Author: Jefferson Land Trust | 12/11/23
       

Students by river

Chimacum students took a field trip to Duckabush Oxbow and Wetlands Preserve in November, during salmon spawning season. (Note the salmon remains on the ground.)

Boy touching mossy tree

4th grade student at Valley View Forest during a November field trip.

Over the past decade, Jefferson Land Trust’s youth educational programming has reached thousands of East Jefferson County students with field-based, localized learning experiences on our nature preserves. We provide field trips at no cost to schools, and strive to be responsive to the needs of individual schools, grades, and classrooms with a variety of offerings.

This fall was packed full of fun field trips, with 550 first- through twelfth-grade students from the Port Townsend, Chimacum, and Quilcene school districts visiting Duckabush Oxbow and Wetlands Preserve, Illahee Preserve, Valley View Forest, and Snow Creek Forest Preserve.

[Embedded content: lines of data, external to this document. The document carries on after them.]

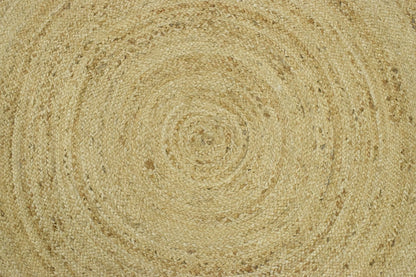 100% ALL NATURAL FIBER HAND BRAIDED BOHO WHITE ROUND JUTE RUG | JR4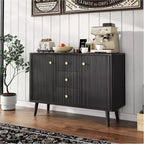 Buffet de 47 po avec tiroirs, meuble de rangement cannelé avec 2 portes et 3 tiroirs, pour entrée, cuisine, salon-
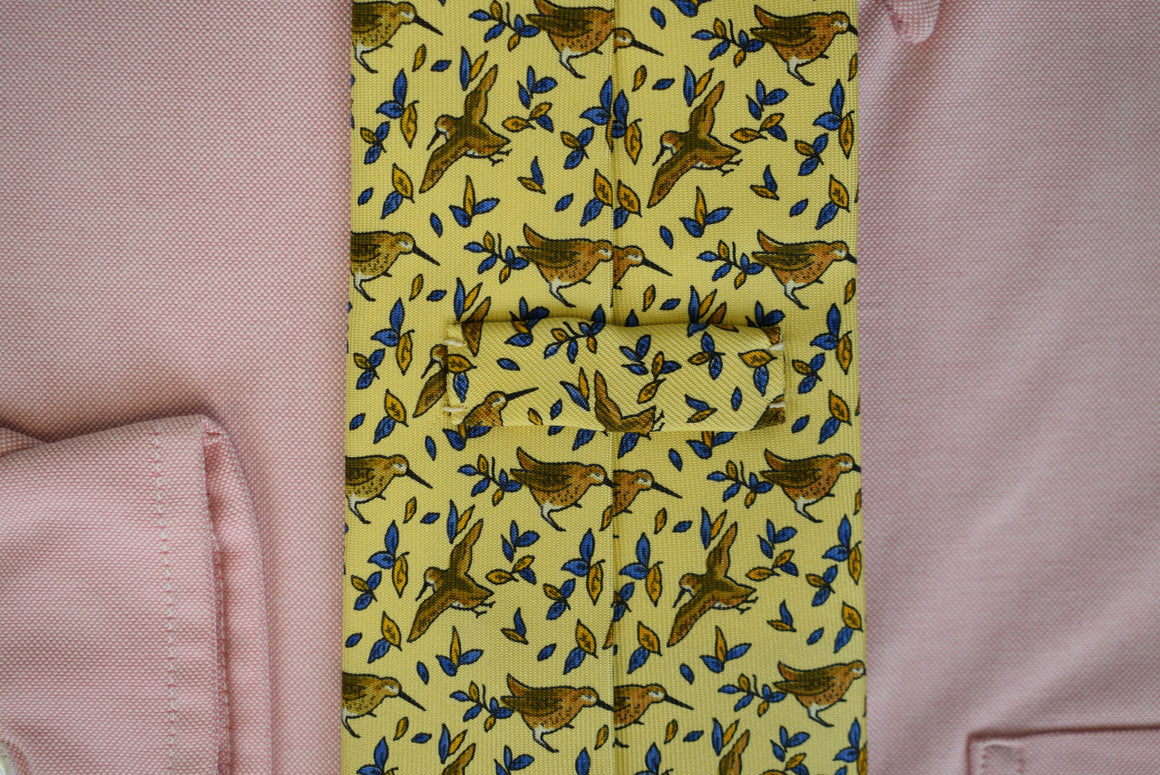 "Holland & Holland x Drake's Yellow English Silk Tie w/ Woodcock Hunt Print"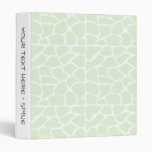 Giraffe Pattern. Mint Green. Binder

With the help of enthusiastic teachers and classroom volunteers, Land Trust staff, volunteers, and AmeriCorps crew members led students in hands-on activities and learning games designed to support their in-class science curriculum — covering subjects like forest health and plant diversity, the salmon life cycle, ecosystems, and more.

Next semester, these classes will join us for additional field trips that will build on what they learned this fall in the classroom and on the land. We’re also excited to once again host Spring Break Youth Corps, our annual paid internship for high school students.